Jamila Davis in Danbury Federal Prison Camp
Davis, like nearly 600,000 people released from state and federal prisons each year, faces many obstacles in reuniting with family, finding meaningful work and defining their purpose on the other side of incarceration. Unlike many of those released, Davis started working on her return to life in the free world almost as soon as she entered prison.
During her time in prison, Davis did more than reflect on her case, she did her best to be a part of the lives of her two children, Kywuan, who was 11 years old at the time, Diamond, who was 9. She held the family together with visits at the federal prison in Danbury, CT, phone calls and video chats. I spoke to Davis about the experience and she told me, "Literally, in the prison visiting room, I would help them work on their school aspirations and business plans. My son and I worked on his music career as a rapper, and I helped him set up his own fashion line."
Both of Davis's children are now in college. Like any parent, she is proud of their accomplishments but she has missed nine years of holiday celebrations, birthdays, proms and graduations.
During her incarceration, Davis received an associates degree in psychology, a bachelors in Christian education and a masters in African American ministry. She is currently enrolled in a doctoral program to obtain a PhD in Christian counseling with a specialization in life coaching. As to what she is going to do with her degrees, she said, "I want to start a counseling center that helps address the needs of at-risk children and ex-offenders. I want them to use my life as an example."
Davis has authored several books since going to prison, including three books in "The Voice of Consequences Enrichment" series. The book is a self-help series geared to help female offenders heal, recognize their potential and recapture their dreams. She also wrote "The High Price I Had to Pay," which provides insights into Davis's own missteps but shines a light on some of Lehman's poor business practices. There can never be enough of those kinds of books.
While she has made it no secret those who showed her the "how to" in mortgage fraud, she is more reflective of her prison experience. "In many ways I feel women in the FEDS [federal prison] are a lost population. Many in the public have no clue that we exist," she said, "My goal is to showcase the talent of women prisoners to create a more sympathetic picture of who we are and the injustices we face. I am not saying we shouldn't be punished for our crimes, but I believe the punishment should equate more to the crime."
In collaboration with her son Kywuan, they wrote a song (a poem) that captures her time in prison and their relationship. Entitled, "Cause I," here are a few lines:
In a visiting room I watched you turn into a man
Absent from your life, I could only hold your hand
It hurt my soul to the core when I watched you leave
Every time you shed a tear my heart would bleed
Not a day goes by I don't envision your face
Memories gone by I can never replace
I'm so glad that you stayed so strong
Never judged me for what I've done wrong
Now I see your face on the TV screens
Billboards, world tours, the American Dream
I never thought my little man would hold me down
Life will be different this time around
My prince, let me make it clear, you are my life
Been more than what a husband could be to a wife
That's why for you Ky, I'd give my last breathe
Nothing can separate us, not even my death!
People like Jamila Davis are an example of how overcoming adversity can make someone better, even those adversities that are self inflicted.
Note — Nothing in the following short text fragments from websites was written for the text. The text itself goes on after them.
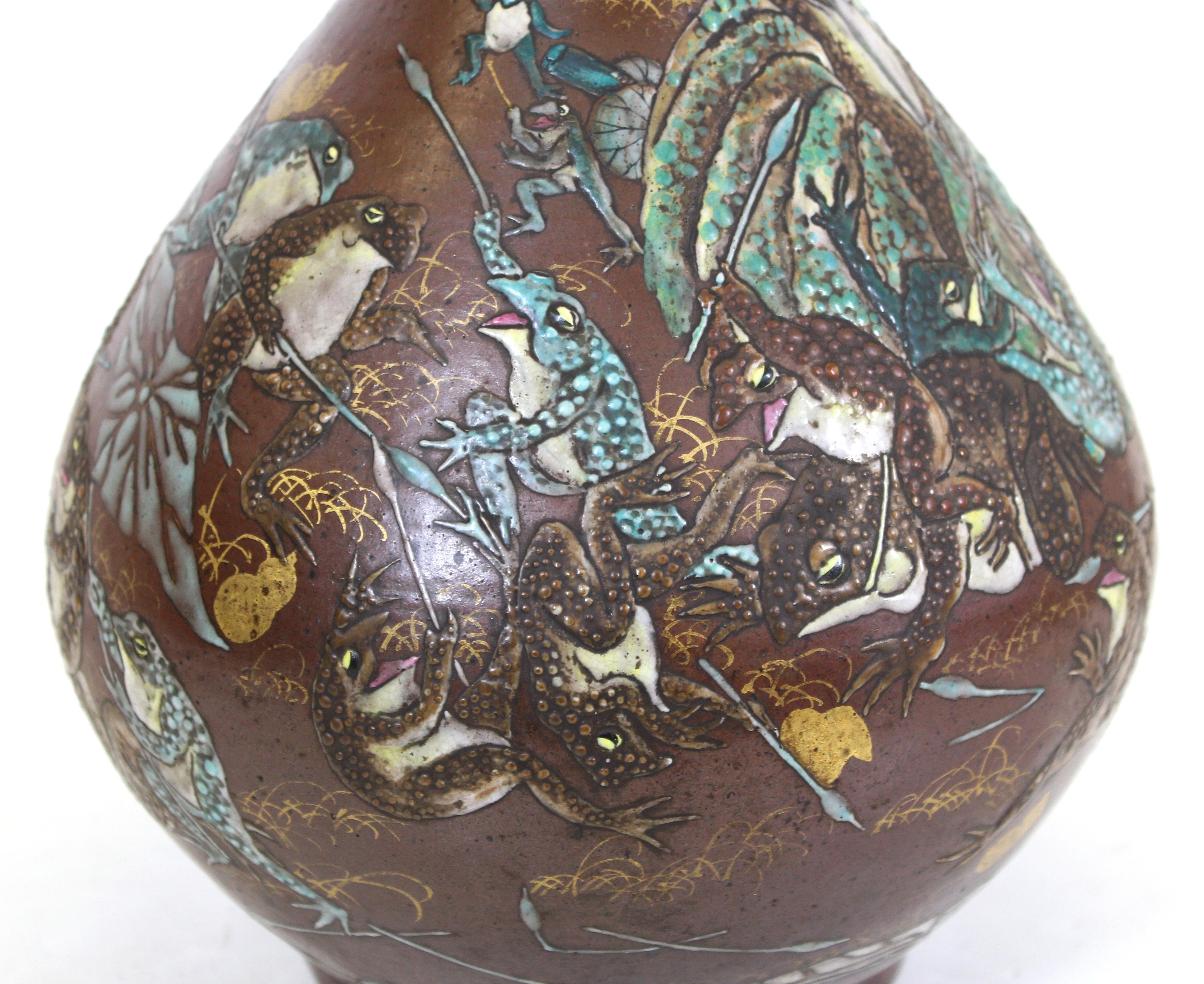 Early 20th Century Japanese Meiji Satsuma Vase with Frogs at War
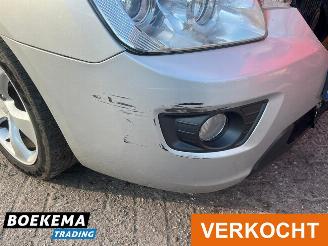 Kia Carens 2.0 CVVT X-clusive 7-Persoons Leer Navigatie Stoelverw. Airco picture 5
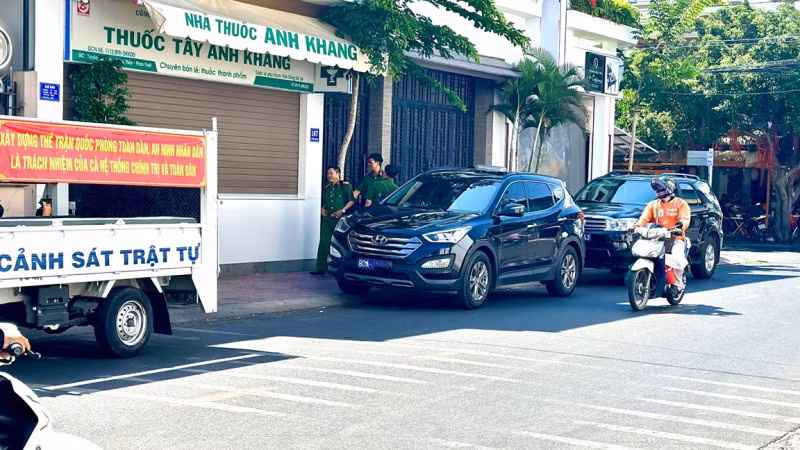 Cơ quan CSĐT khám xét nhà ông Xà Dương Thắng, nguyên Giám đốc Sở Xây dựng tỉnh Bình Thuận.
I would like to think how much better some of our financial institutions would be if some of the executives who were responsible for the financial crisis would have been held accountable. Maybe a little prison time would have done them some good, but we will never know. To make my point, Barclays Plc, the bank that purchased of the remnants of Lehman in 2008, agreed in August 2016 to pay $100 million to 44 U.S. states to resolve an investigation into interest-rate manipulation.